Didn't mean she wouldn't kill me somewhere else. But I was running out of time and options.

We were agreed.

We stood in the center of the room, flanked by her guards standing watch from the walls, backs to plaster, holding up their guns at some kind of military parade rest. There were no referees and no judges. Only the two of us, facing off.

It was Cole who called out the commands. Facing each other, we both bowed deeply, eyes to the floor, showing the respect that said the other person wouldn't start fighting ahead of time, wouldn't take the moment of diverted vision to strike first.

I was surprised when Kie didn't take that chance. I hadn't thought she possessed honor.

Neither Cole nor I knew what style of martial art Kie had studied. TaeKwon-Do is Korean, so the commands Cole would ordinarily give would be in that idiom. Likewise, I had no idea what nationality Kie was or if she'd been born in the States. Maybe she spoke an Asian language. Maybe like me, she only spoke English. If her martial art wasn't Korean, the Korean commands would make no sense. Cole chose to give directions in English.

Attention.

Ready stance.

Begin.

We were both instantly in motion, circling each other, looking for an opening. I hadn't been to class in a while but everything came back at once as if I'd never left. I remembered how to split and widen my vision so I could take in the room around me, scanning for potential hazards, things that could trip me up or block my path, people who might get in the way or actively interfere.

At the same time, the majority of my attention was on her, watching as we began circling each other like alley cats about to break into a full-on cat fight. My feet were still bare, which was natural for TKD. The floor under them was sun warmed.

Fighting was natural too. Sparring. Even with someone I didn't like.

There was nothing natural about what was going on here today, though.

I threw a punch, a feint, testing her reaction time and her response. She moved away from it like she was Gumby, her limbs made of something insubstantial that didn't need to take up space in the real world.

I frowned, tried a kick. She just wasn't there again.

Shit. She flowed out of nowhere and made first contact, tagging me with the back of her hand, a little slap to the temple, just her fingers like a mother might tag a child who wasn't listening.

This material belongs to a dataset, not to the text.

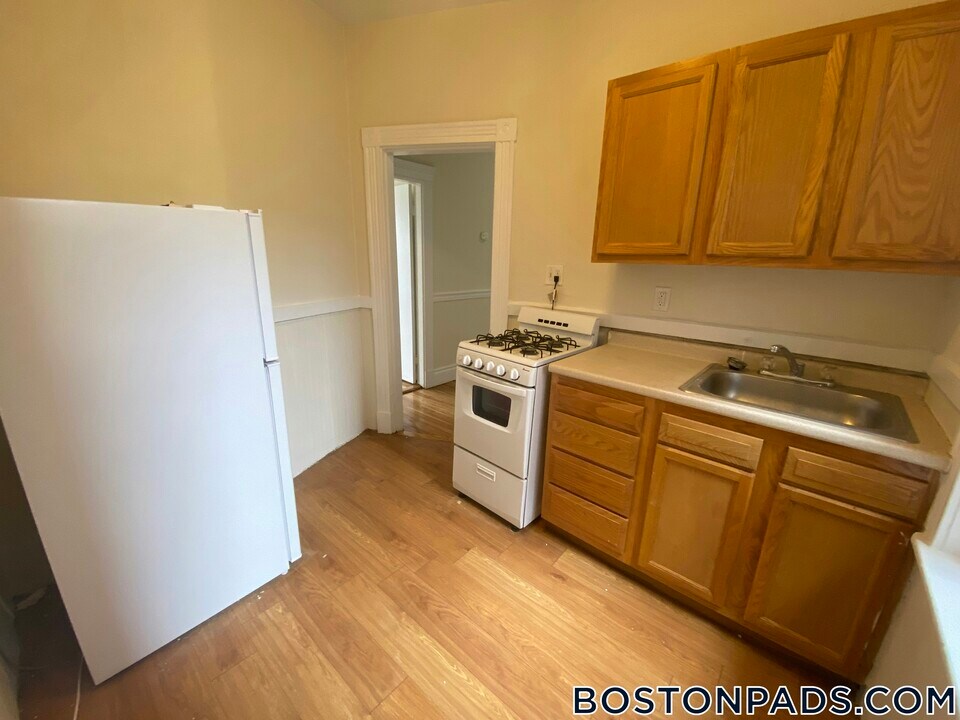 5 Walbridge St in Boston, MA - Foto de edificio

It was a brag. She touched me first.

It was also a bad thing. I watched as she moved. Best guess, she was trained in one of the "soft" Chinese styles, Kung Fu or the like. I'd fought a visiting student at my school several years ago in Seattle. He'd been a guest, come to class for the hell of it, and I thought he’d studied a Shaolin style of Kung Fu. Whatever it was, he actually said the point of some moves was to "flow like seaweed." Which sounded absurd and like a quote from a badly dubbed Bruce Lee movie.

But it was nearly impossible to make contact with seaweed as ii flowed. He’d definitely won our sparring match. His name was Dan and he didn't appear to be unbeatable at the outset. He had curly brown hair and a slim, unimpressive body.

He won a lot.

Dan hadn't been trying to kill me.

I let Kie come close to me. Watching how she moved, I looked for tells. She didn't have many of them, but she did look where she wanted to hit before she did so. That would help. For now all I wanted to do was dance and watch her.

We kept circling. I slowed my automatic dance, the forward and back movement that kept my weight from resting too long on one foot and made me less likely to be on it when someone tried to hit me.

The second time Kie struck, it wasn't a backhanded finger tap. I saw her eyes lock at the last possible second and when she punched at my solar plexus, I had enough time to deflect but not completely block. The blow landed on my ribs and it hurt but it didn't slow me down or knock the air out of me. I was slightly turned, as if brushing past her in a crowded hallway, and I let my momentum carry me farther, snapping out the arm I'd blocked her punch with and connecting a backhanded punch to her temple.